Trump Is on a ‘Collision Course’ With Congress Over Spending
Budget

Trump Is on a ‘Collision Course’ With Congress Over Spending

Leah Mills/Reuters

Now that Congress is back from its two-week recess, lawmakers will have to tackle some looming budget-related issues, including spending levels for fiscal 2020, a stalled disaster aid package and a potential infrastructure deal.

A 2020 Spending Deal?

Lawmakers will need to agree to raise defense and non-defense spending for next year or face the prospect of steep automatic cuts set to take effect under a 2011 law. But the Trump administration and Democratic leaders are more than $100 billion apart in their overall non-defense spending plans for next year, Roll Call reports, with a chart to illustrate the various proposals released thus far:

Against that backdrop, staff-level talks between Congress and the White House have reportedly made little progress. The Hill says that President Trump and Senate Majority Leader Mitch McConnell are “on a collision course” regarding the talks. “Trump has given the GOP leader some time to work with Democrats but doesn’t want the talks to drag on all year and lead to an agreement that would increase spending — and the budget deficit,” The Hill’s Alexander Bolton writes.
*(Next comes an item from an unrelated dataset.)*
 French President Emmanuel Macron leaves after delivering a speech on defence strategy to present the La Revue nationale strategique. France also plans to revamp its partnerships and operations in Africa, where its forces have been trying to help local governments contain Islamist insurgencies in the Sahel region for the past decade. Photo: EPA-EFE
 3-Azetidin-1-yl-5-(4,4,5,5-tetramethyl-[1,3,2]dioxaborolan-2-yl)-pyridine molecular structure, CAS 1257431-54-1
Rather than raise spending, the White House is reportedly ready to accept a stopgap measure that would keep spending for all of 2020 at 2019 levels, with supplemental legislation to boost the military. McConnell and other lawmakers prefer to reach an agreement on spending and avoid a stopgap bill, in part to allow appropriators to adjust specific funding levels for next year.

Democrats, meanwhile, have been pushing for higher non-defense spending, on par with increases on the defense side. House Democrats plan to forge ahead with the first of the 12 annual spending bills required to fund the government, starting with the potentially contentious Labor-Health and Human Services-Education bill. Democrats reportedly hope that they can gain some leverage in the spending talks by forging ahead with their appropriations bills.

But with little sign of fast progress, the White House’s patience may be wearing thin, Bolton reports — and “White House officials are leery of where the talks may lead, noting that the last bipartisan deal reached in early 2018 boosted spending by $300 billion over two years.”

Can Congress Fix Its Disaster-Relief Disaster?

A bill that would deliver more than $13 billion to areas affected by wildfires, hurricanes, tornadoes and other natural disasters has been hung up as the result of a contentious dispute between Trump and Democrats over aid to Puerto Rico. The president has criticized Puerto Rican officials over their handling of relief money and has come out against providing more aid. Democrats, meanwhile, have insisted on freeing up previously appropriated funds and providing increased aid.

“Negotiations to resolve the impasse have been fitful and the outlook is uncertain,” The Washington Post’s Mike DeBonis and Erica Werner report. “There is a strong desire among lawmakers of both parties to reach a deal, but also increasingly bitter acrimony on both sides about how the dispute has played out.”

Still, lawmakers may feel a sense of urgency to get a disaster relief package done.

“Senate Republicans came back from a meeting with Trump prior to the two-week spring break with renewed optimism they’d be able to reach a deal,” Roll Call’s Paul M. Krawzak says. “Affected states like Georgia and Florida, represented by Senate Republicans, were relatively close calls for Trump in 2016. And Iowa, like other Midwest states hit hard by recent flooding, is always a presidential bellwether and one Trump needs to keep in his corner.”